The most common categorisation of swim type across all responses was a social swim (54%). The proportion of responses to other swim types were much lower and evenly distributed: 12% for each of ‘relaxing float’, ‘goal-focused’ and ‘quick dip’, and 10% for none. The age of the participant was significantly associated with the type of swim (P < 0.01, Φ = 0.20). All age groups were dominated by participants who considered their activity to be a ‘social swim’, with ‘quick dips’ and ‘relaxing floats’ more likely in the 18–34 age group and goal-focused swims more likely in the 35–54 age group (Fig 6). The preferred water environment for open water swimming was significantly associated with the typical duration of the swim (P < 0.001, Φc = 0.15). In total, 67% of those who swam for more than one hour were likely to be lake swimmers, whereas shorter swims, of typical duration up to 30 minutes, were more likely to take place in the sea (53% of those who swam for 10–30 minutes and 52% of those who swam for less than 10 minutes). Irrespective of time spent open water swimming, rivers were the least popular environment for this recreational pursuit (Table 4).

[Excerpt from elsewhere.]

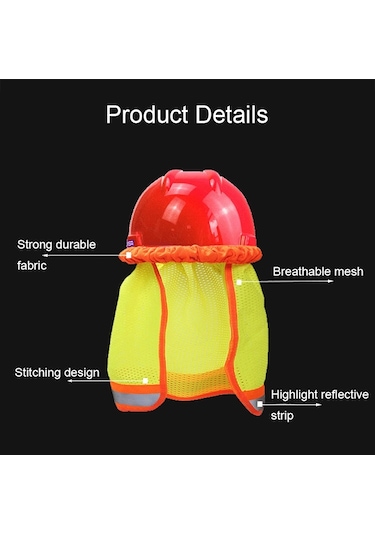Ah-004 Yaz Güneş Koruyucu Kask Şapkasız Nefes Yansıtıcı Kapak Kapağı Floresan Sarı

Fig 6. Distribution of typical swim styles according to age.

Table 4. The preferred water environment associated with swims of different duration.

In total, 86% of participants agreed that they assess possible risks to their health from the environment before swimming, and when reflecting on their last swim 89% of participants claimed they had a good understanding of the water quality at the swim location. Participants were asked to comment on how they judged the water quality of their wild swimming environment and the range of responses to this question were categorised into four key themes: (i) experience; (ii) social (media) groups; (iii) technological awareness; and (iv) no assessment. The most common approach was to rely on experience, with participants highlighting the importance of visual assessments of the water and recognising signs of algae, sewage or visible faecal matter. Others referred to timeframes, e.g., avoiding going swimming 24–72 hrs after rainfall because of increased likelihood of poor water quality. There was regular mention of using discussion groups (online or otherwise) to obtain information, allowing for an understanding of potential water quality prior to travel. This method allowed for more experienced swimmers to share their knowledge and experience with others. A theme of ‘technological awareness’ was also identified, with regular mention of online alerts or web tools. This included app-based tools used to highlight areas to avoid due to algal hotspots and online material available via the Scottish Environment Protection Agency (SEPA) reporting on water quality at designated bathing water sites, though frequently the responses mentioning the SEPA bathing water data commented that this would be used in conjunction with other sources of information.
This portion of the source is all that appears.